Anthony Kirkland (born September 13, 1968) is an American serial killer. Between 2006 and 2009, Kirkland murdered two women and two girls in the Cincinnati area, following a 16-year prison term for the 1987 killing of his girlfriend.

Early life
Kirkland experienced physical and mental abuse as a child, his lawyers claim.

1987 killing 

On May 20, 1987, Kirkland raped and murdered his girlfriend, Leola Douglas, after she refused to have sex with him. He then set her body on fire to conceal evidence of the rape. Kirkland pleaded guilty to voluntary manslaughter and was sentenced to 10 to 25 years in prison.

Kirkland obtained his GED and an Associate degree in prison. However, he had multiple infractions in prison. Between 1998 and 2003, Kirkland was placed in solitary confinement 21 times for "disciplinary control." In the last nine months of his time in prison, he was sent to solitary four times for breaking the rules or fighting other inmates.

Kirkland was initially denied parole due to the severity of his crimes.
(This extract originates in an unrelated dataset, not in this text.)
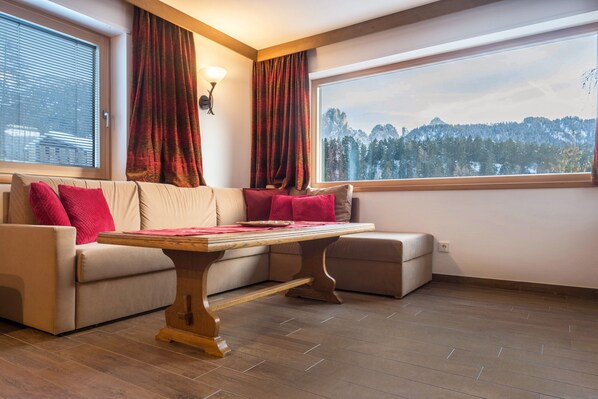 A room with a sofa, a table, and a view of a mountainous landscape.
However, he benefitted from a ruling by the Ohio Supreme Court declaring that parole-eligible inmates had to be judged by their conviction and not just the crime. Therefore, Kirkland was subject to more lenient guidelines for a voluntary manslaughter conviction. Kirkland was paroled in 2004, having served 16 years of his sentence.

20062009 murders 

From May 4, 2006, through March 7, 2009, Kirkland murdered four females (two women and two teenagers), three of them by strangulation. In each case, he had burned his victim's body to conceal evidence of rape.   Kirkland was arrested near the scene of his last murder victim in possession of her watch and iPod.

Victims 

Kirkland's five victims were:

 Leola Douglas, age 27, killed May 20, 1987;
 Casonya Crawford, age 14, murdered May 4, 2006;
 Mary Jo Newton, age 45, murdered June 14, 2006;
 Kimya Rolison, age 25, murdered December 22, 2006; and
 Esme Kenney, age 13, murdered March 7, 2009.

Trial 

On the morning of his trial, Kirkland entered a plea guilty to the murder and abuse-of-a-corpse charges relating to Mary Jo Newton and Kimya Rolison. On March 12, 2010, the jury found Kirkland guilty on all the remaining counts, including all the death-penalty specifications. The jury recommended a sentence of death. He was sentenced to death on March 31, 2010.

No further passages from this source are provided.